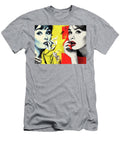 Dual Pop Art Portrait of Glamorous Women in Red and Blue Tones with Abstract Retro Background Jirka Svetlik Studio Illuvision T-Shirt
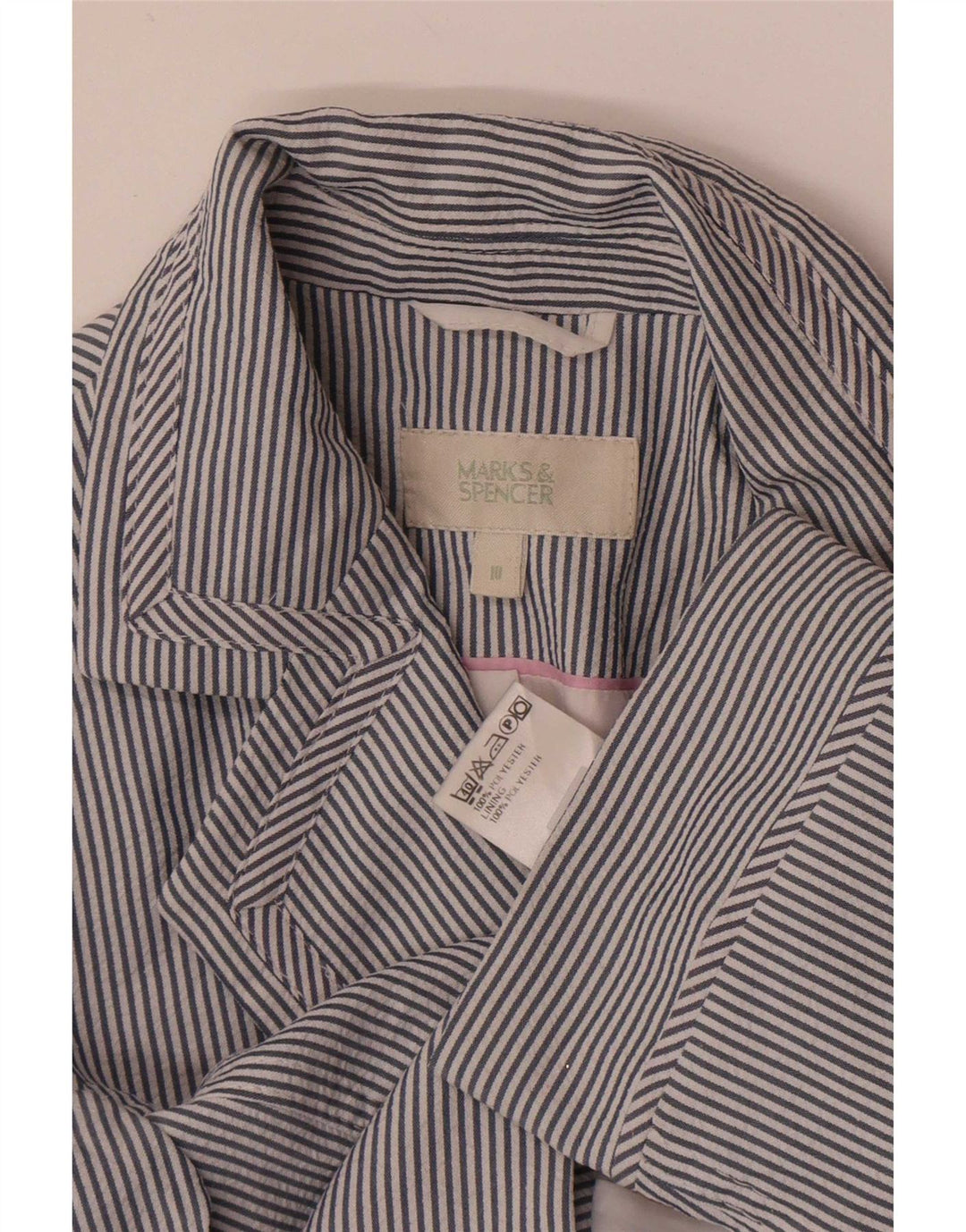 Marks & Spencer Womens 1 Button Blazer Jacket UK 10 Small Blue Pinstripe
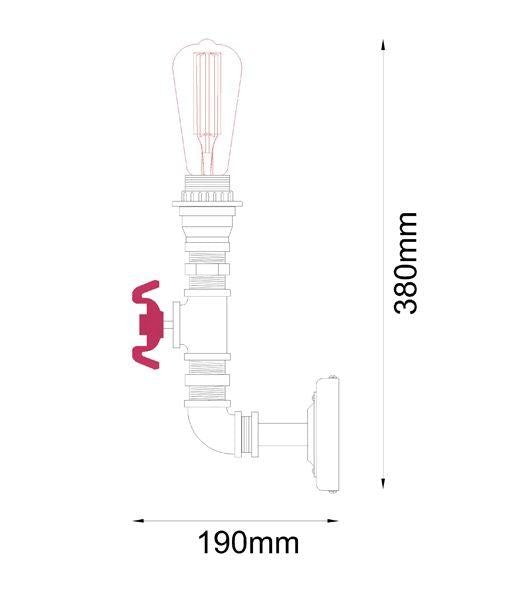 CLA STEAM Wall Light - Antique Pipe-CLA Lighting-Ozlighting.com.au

TASK REQUIREMENTS
Copy all the lines of data exactly as they appear, dropping any images.

YOUR SOLUTION
 Dual Pop Art Portrait of Glamorous Women in Red and Blue Tones with Abstract Retro Background Jirka Svetlik Studio Illuvision T-Shirt
 Marks & Spencer Womens 1 Button Blazer Jacket UK 10 Small Blue Pinstripe
 CLA STEAM Wall Light - Antique Pipe-CLA Lighting-Ozlighting.com.au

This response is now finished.